▶ [Data excerpt]:
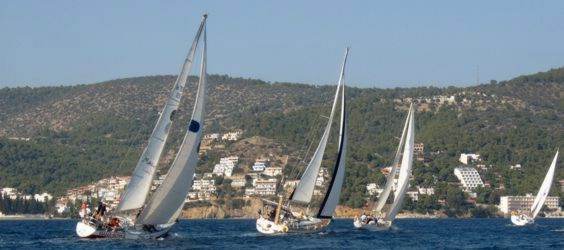 Yachts race &lsquo;round the cans&rsquo; on the first day of the 2008 Greek Sails Round the Island race, Poros, Greece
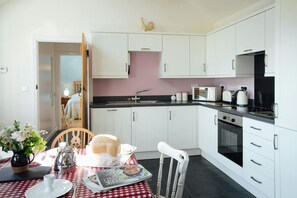 Kitchen dining area in Beudy Nel with fitted units, dining table and chairs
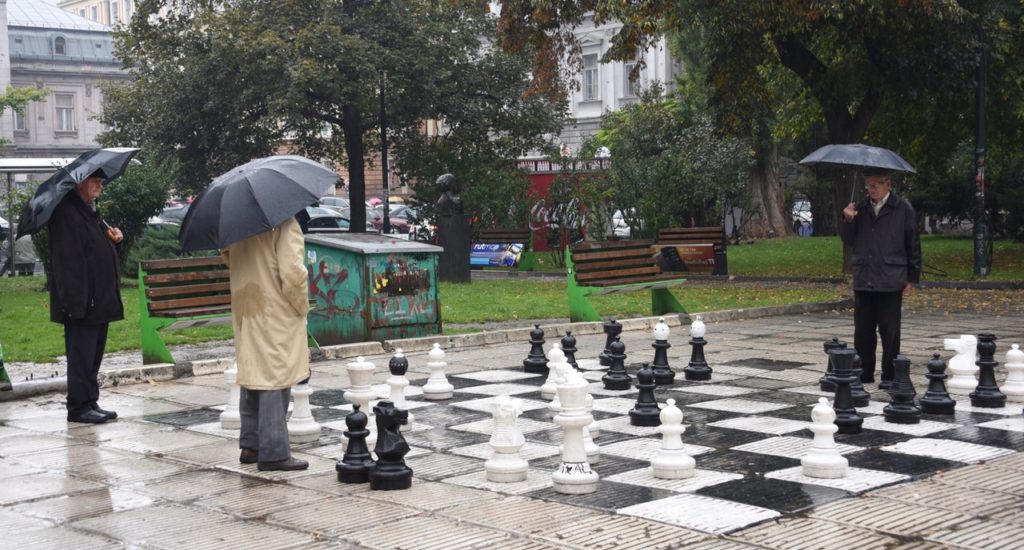 playing chess in the rain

▶ [Task brief]: Which lines fall between the one containing "Kitchen dining area" and the last line of the listing, both included? Give them again exactly, without the pictures.

▶ [Response area]:
 Kitchen dining area in Beudy Nel with fitted units, dining table and chairs
 playing chess in the rain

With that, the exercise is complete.